Tables 2 and 3 show an overview and concise description of the performance measures occurring in the current literature on multi-objective HPO (Table 2 focuses on error-based measures, while Table 3 summarizes the non-error-based measures). These measures will reappear later in Section 4, when we categorize the different multi-objective HPO algorithms. As evident from Table 2, for regression problems, the error-based metrics are commonly based on the squared errors; for classification problems, they are commonly related to the elements of the confusion matrix [True Positives (TP), False Negatives (FN), False Positives (FP), and True Negatives (TN)].
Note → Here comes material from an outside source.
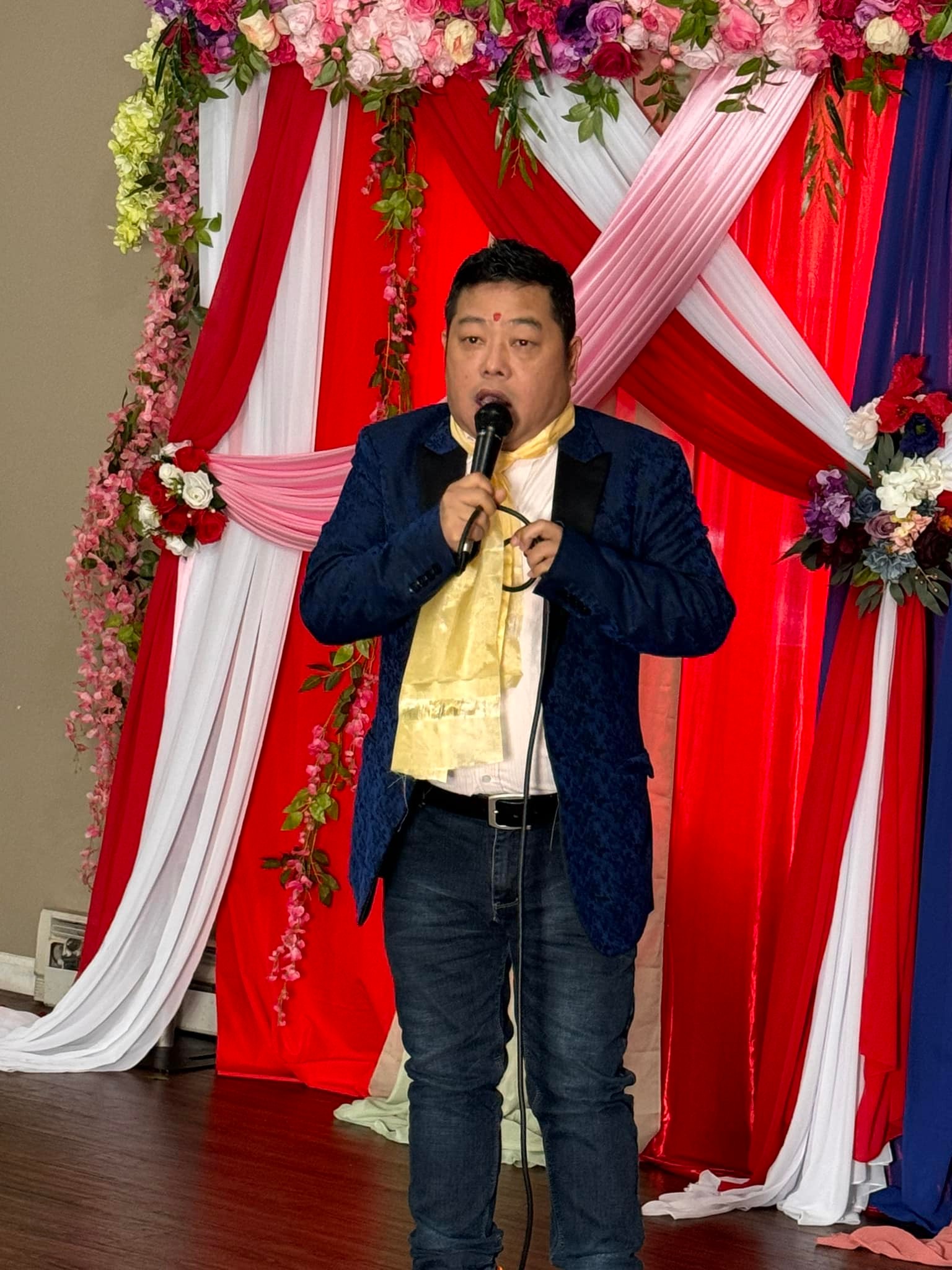 Kiran Pele performing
Error-based measures are heavily used in multi-objective HPO, as they ensure a response from the model that is close to reality. Additionally, model complexity objectives are often included [following Occam’s razor principle; (Blumer et al. 1987)], along with time-based metrics (e.g., training time on embedded devices) and/or (computational) cost objectives. The complexity of a neural network, for instance, is often estimated using the number of parameters (weights of the connections between neurons) (Liang et al. 2019; Lu et al. 2020; Baldeon and Lai-Yuen 2020; Calisto and Lai-Yuen 2020). The number of features can also be used as a complexity measure: see Sopov and Ivanov (2015), Martinez-de Pison et al. (2017), Binder et al. (2020), Faris et al. (2020), Bouraoui et al. (2018). The more features the training algorithm has to consider, the more expensive it will be. On the other hand, considering fewer features may negatively affect the error-based performance of the algorithm.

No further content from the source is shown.